▸ Task requirements:
Only the line containing "breaches of trust" and the lines after it, through the end of the entries, should be output exactly.

== Data under study ==

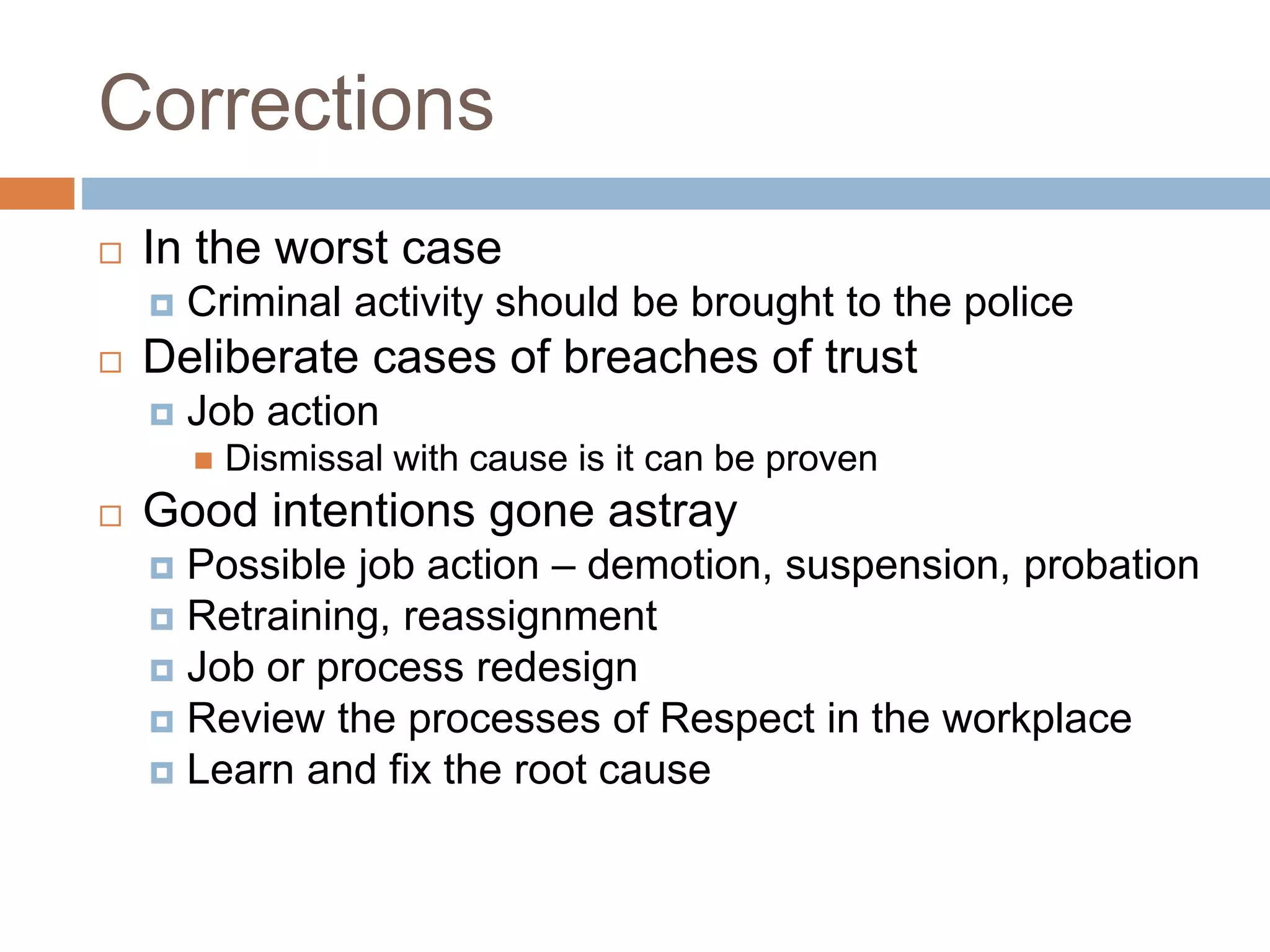 Corrections
 In the worst case
 Criminal activity should be brought to the police
 Deliberate cases of breaches of trust
 Job action
 Dismissal with cause is it can be proven
 Good intentions gone astray
 Possible job action – demotion, suspension, probation
 Retraining, reassignment
 Job or process redesign
 Review the processes of Respect in the workplace
 Learn and fix the root cause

===

▸ Solution for this task:
 Deliberate cases of breaches of trust
 Job action
 Dismissal with cause is it can be proven
 Good intentions gone astray
 Possible job action – demotion, suspension, probation
 Retraining, reassignment
 Job or process redesign
 Review the processes of Respect in the workplace
 Learn and fix the root cause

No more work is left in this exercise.